Since the peak of the COVID pandemic, the 27-year-old registered emergency nurse has been overworked and stressed.

Some patients are aggressive. The hospital she works at is short-staffed. Among the nurses, anxiety, depression, and insomnia are rife.

“We don’t have enough people on the rosters to cover vacancies,” Ms Goodman said.

“We don’t have enough senior experience to mentor junior staff.”

She said she had some symptoms of post-traumatic stress disorder (PTSD).

“I’ve found it actually quite difficult to step towards certain situations at work because once they started to feel like experiences I’d had that caused me to feel distress, I didn’t want to re-approach that in case it happened again,” she said.

A woman in nursing scrubs and a mask holds protest signs
Registered emergency nurse Kate Goodman has protested against COVID-era working conditions.(Supplied: Kate Goodman)

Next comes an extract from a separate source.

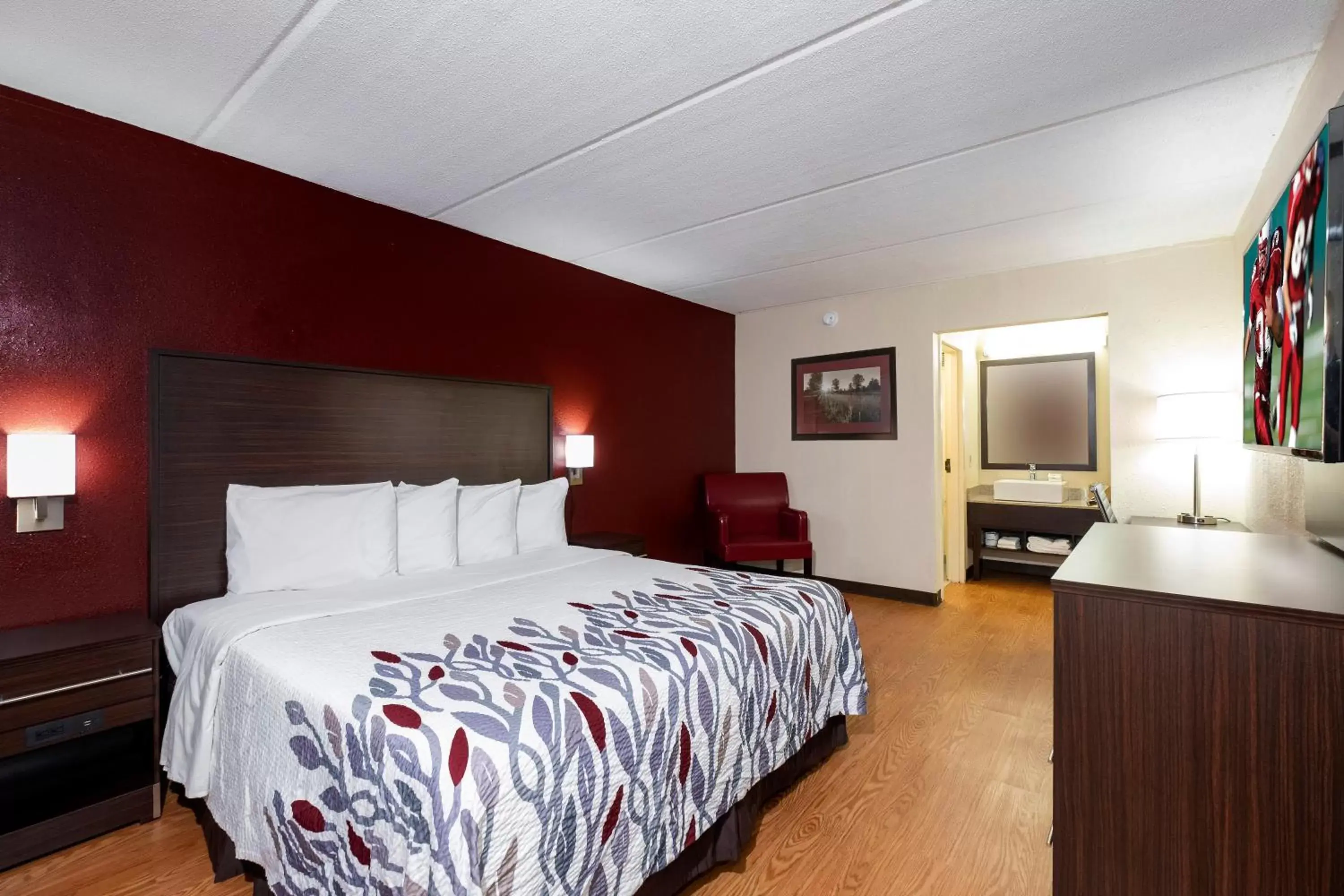Superior King Room Non-Smoking in Red Roof Inn Kenly - I-95 Superior King Room Non-Smoking in Red Roof Inn Kenly - I-95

She is not the only one. A new report commissioned by the NSW Nurses and Midwives’ Association found 15 per cent of nurses and midwives in New South Wales had reported symptoms of PTSD.

Almost 60 per cent of nurses and midwives surveyed plan to leave their job in the next five years, which will further contribute to the staffing issues in the sector.

“It probably wasn’t the best time to start a career in nursing but I didn’t know … four years ago that the world would have a pandemic,” Ms Goodman said.

Experts call for solutions

A smiling woman wearing a red top stands outside
Shaye Candish is calling for better pay and mandated staff-patient ratios.(Supplied: NSW Nurses and Midwives Association)

The report, conducted by the Rosemary Bryant AO Research Centre, surveyed more than 2,300 workers.

According to the secretary of the NSW Nurses and Midwives’ Association, Shaye Candish, work overload was one of the significant factors.

“They’re constantly being asked to do more than they’re capable of doing, which leads to significant guilt that then creates this sort of cycle of trauma.”

The survey identified early-career nurses and midwives such as Ms Goodman were the most vulnerable because they were expected to work extra hours and outside their area of expertise — an issue almost half of all of those surveyed reported.